Friday, September 23, 2005

The Ghost Whisperer

While aimlessly flipping through the channels tonight, I came across the tail end of the new show "The Ghost Whisperer" starring Jennifer Love Hewitt. I have heard about this show in the previous weeks, but didn't count it to be one of the shows I'd be watching this season. However, between "Showgirls" and "Kill Reality", I figured this was a better way to spend a few minutes.

The basis of the show, apparently, is that Jennifer can speak to ghosts and relay their messages to those of us left behind. As I sat on my couch on the verge of tears, I wondered how simple life would be if there was really a way for someone to carry messages from the ones in our lives that we can no longer see or hear.
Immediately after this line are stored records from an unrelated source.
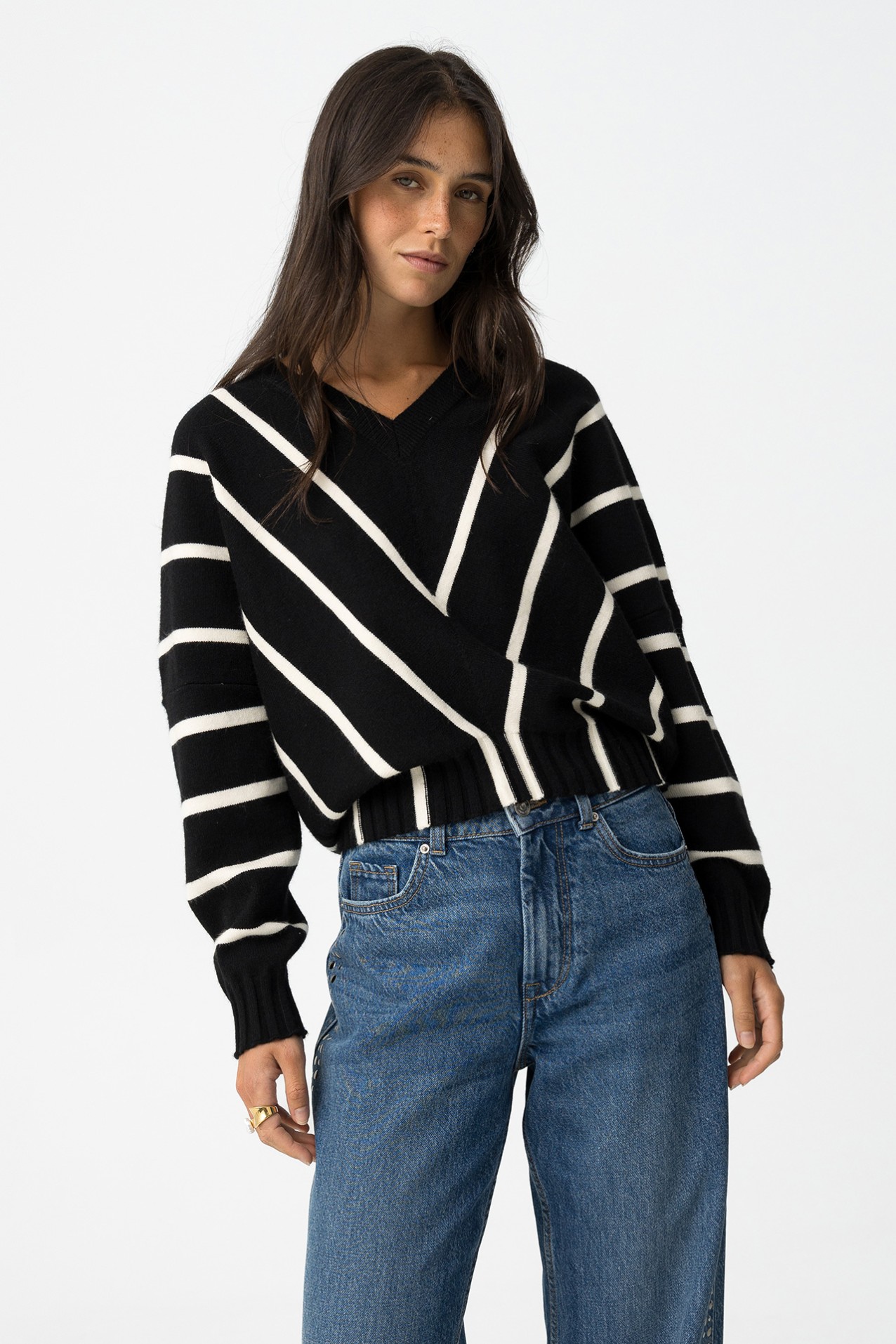 Jersey Oversized con Escote en V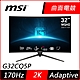 MSI微星 G32CQ5P 32型 170Hz 2K HDR曲面電競螢幕 product thumbnail 1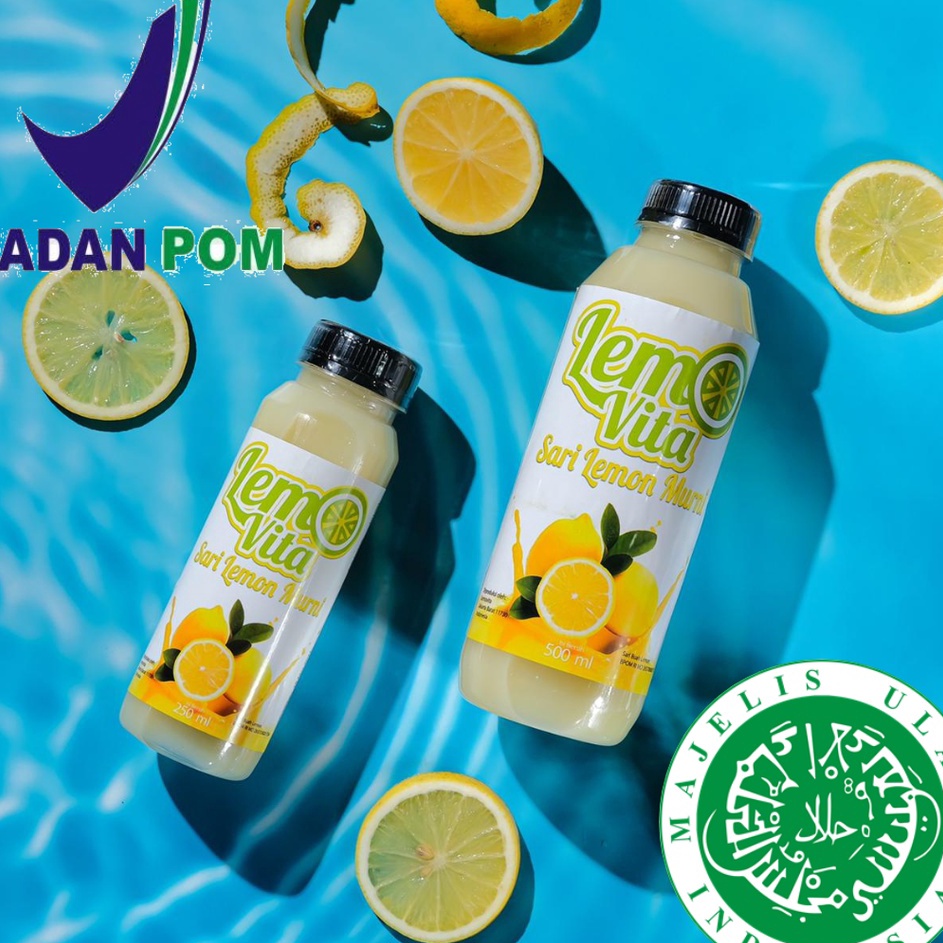 

BPOM PAKET 1 Liter Lemovita Fresh Sari Lemon Jus Lemon Halal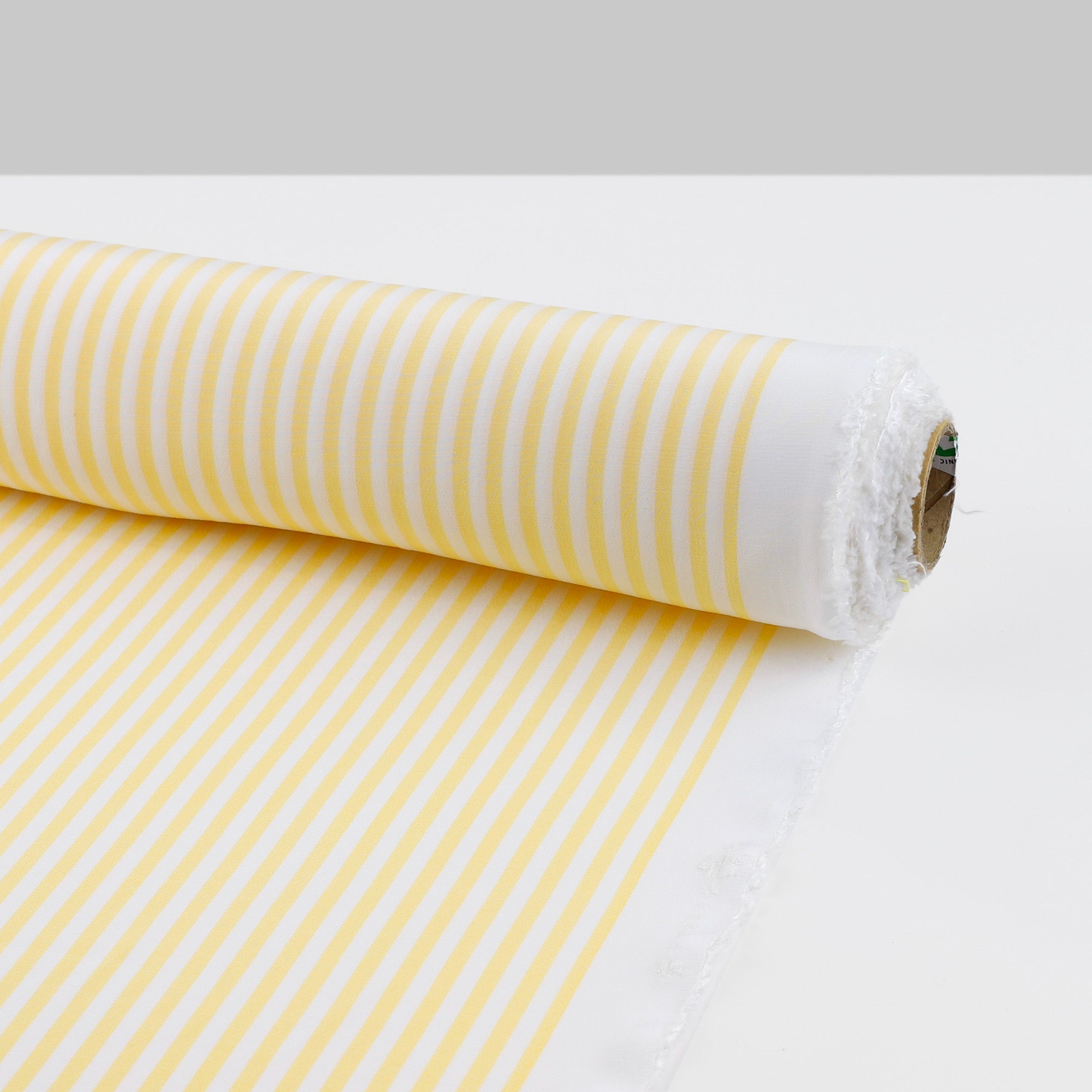 Candy Stripe Viscose Challis - Banana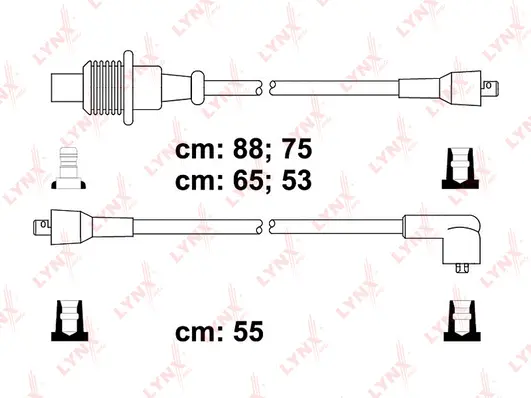 Kit de câbles d'allumage LYNXAUTO SPC6117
I know that I can feel my Dad in my heart, but I would give anything to talk to him again. I would give anything to even listen to his ramblings about the government or how Clinton is still interfering even after he left office. There are so many things in my life that are so incomplete without him here, but how wonderful it would be for me to have a messenger who could relay his advice. Now that I think about it, I don't even know what I would tell him if I got the chance to have someone talk to him for me. The only thing I can come up with is how much I love him and miss him, and how empty we all are without him here. I don't think anything else matters.

I can still hardly believe that almost 4 years have gone by and the wounds are as deep now as they were that day. There are days that I sit here listening to his CD and I think that even 20 years from now I will be feeling like this. How do you recover from losing your Daddy? How do you get over the fact that he'll never be there to give you advice again? How can you face the monumental moments in your life without him there to cheer you on?? Sometimes I still wonder why God felt his time here was done, because I still need him, damned. Even now...4 damn years later...I still need him. I know it's selfish and I should be way past this now, but FUCK! Nothing has been the same since he left -- and it's not fair. It's not fair that my brother has grown up in the most important years of his life without his father. It's not fair that he'll graduate high school this year and not have his Dad in the audience cheering him on. It's not fair that my sister will not have her father to walk her down the aisle on the day she gets married. It's not fair that my Mother is an experienced widow at 48 and the man she loved the most in her life was ripped away from her. It's not fair that my kids will never know their grandfather.

And all I can think of at this moment is that HE was the one who taught me that life isn't fair...how ironic.